◆ Supplied material ◆
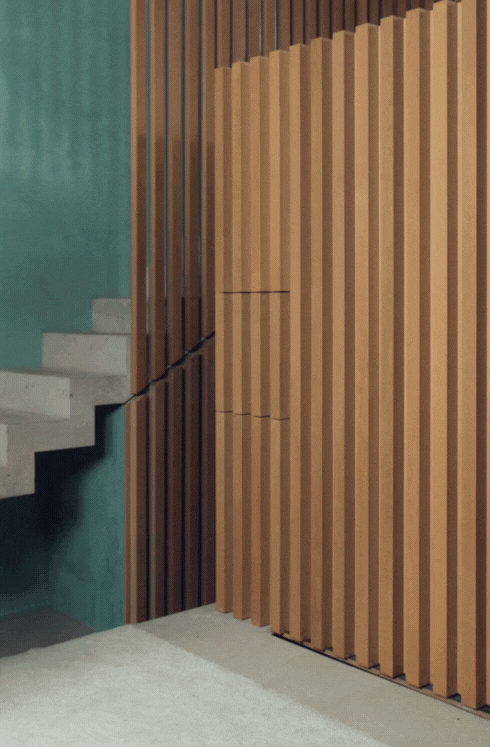 Langes, rückenfreies Nachthemd aus grünem Satin und Spitze, Modell Brooke. - Marjolaine - 4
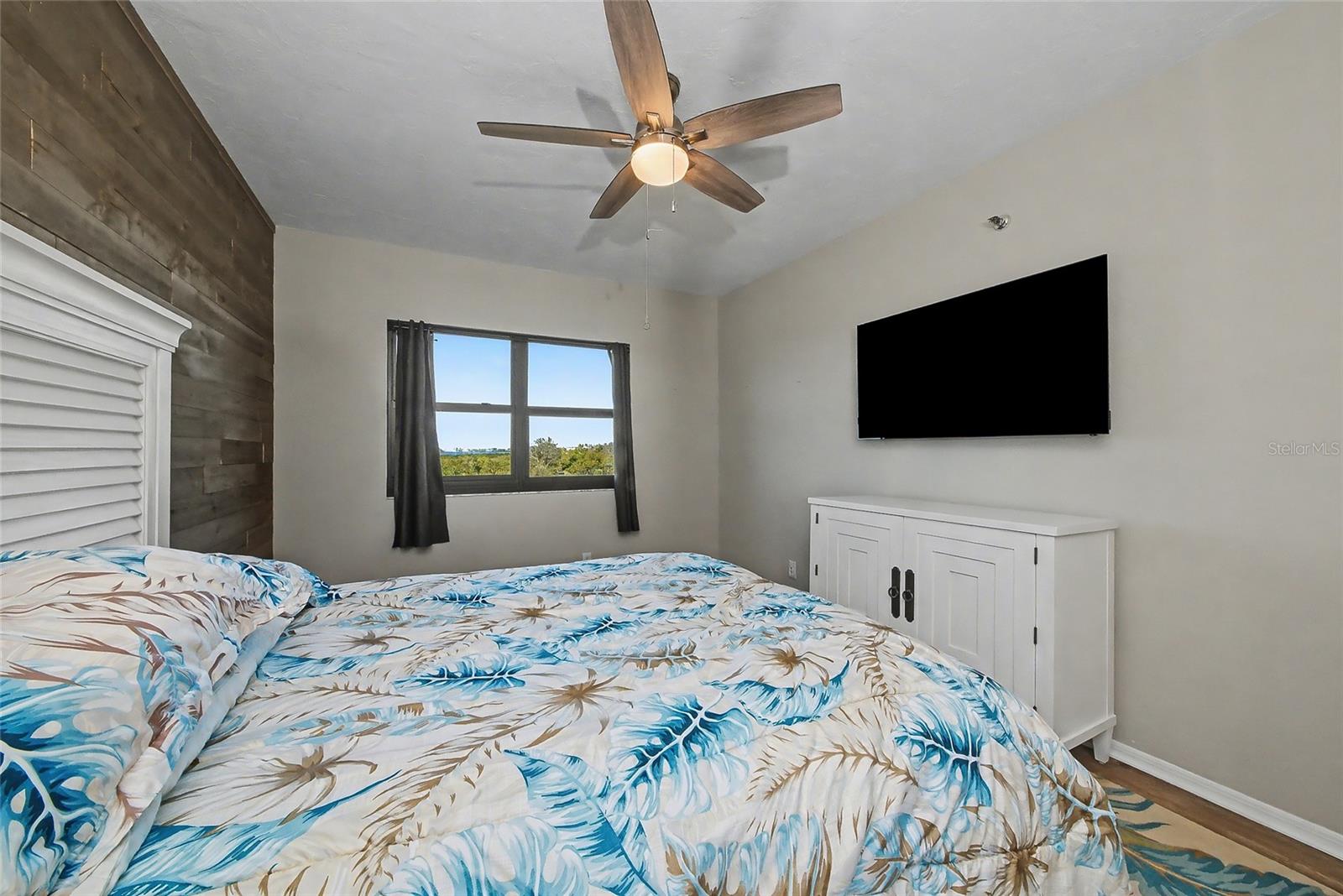 Image 24 of 68 For 5408 Eagles Point Circle 302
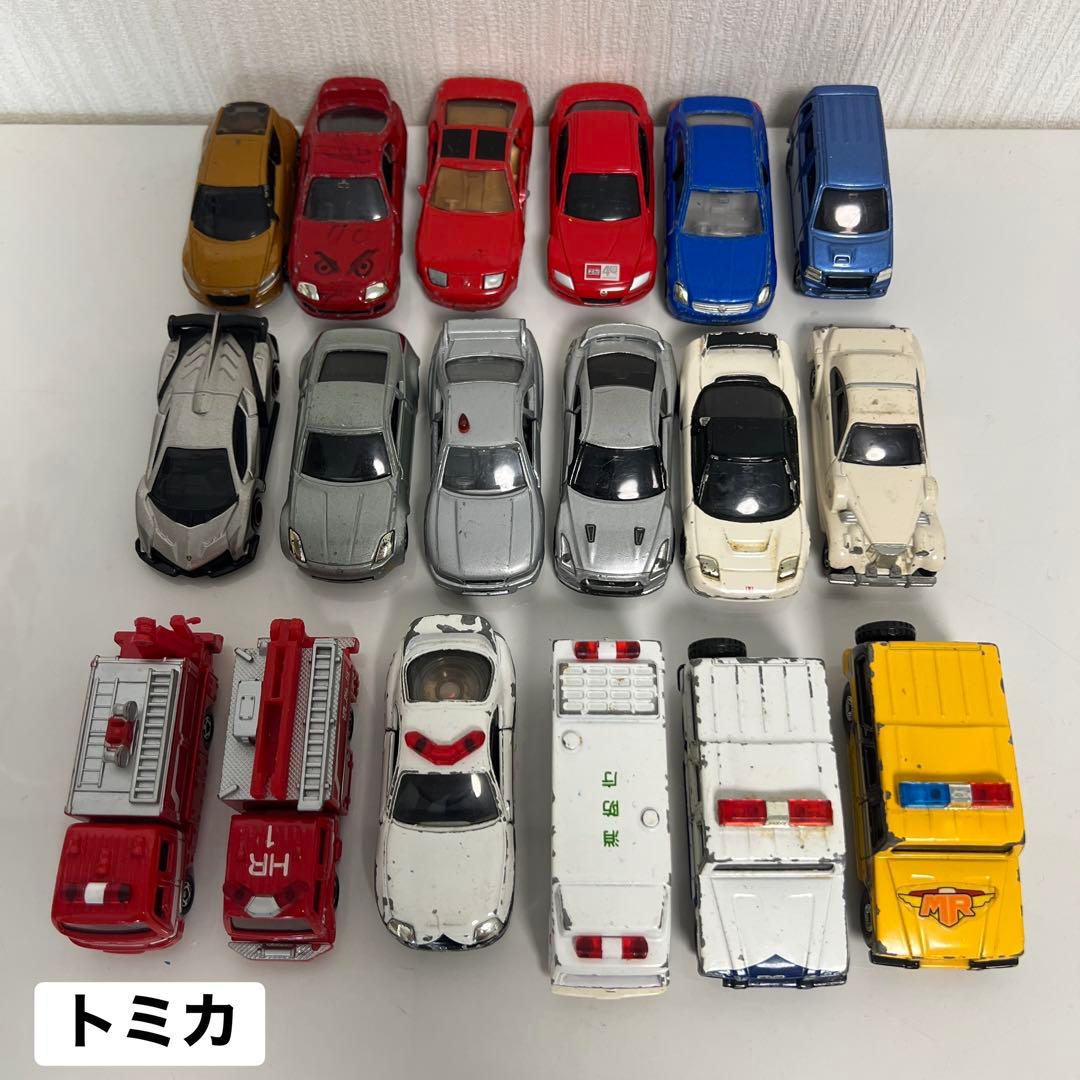 トミカ その他のミニカー多数　おでかけバック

◆ Required action ◆
Retype exactly, and only, the lines from the one containing "Image 24 of" through the end of the material, leaving aside every picture.

◆ Response to the exercise ◆
 Image 24 of 68 For 5408 Eagles Point Circle 302
 トミカ その他のミニカー多数　おでかけバック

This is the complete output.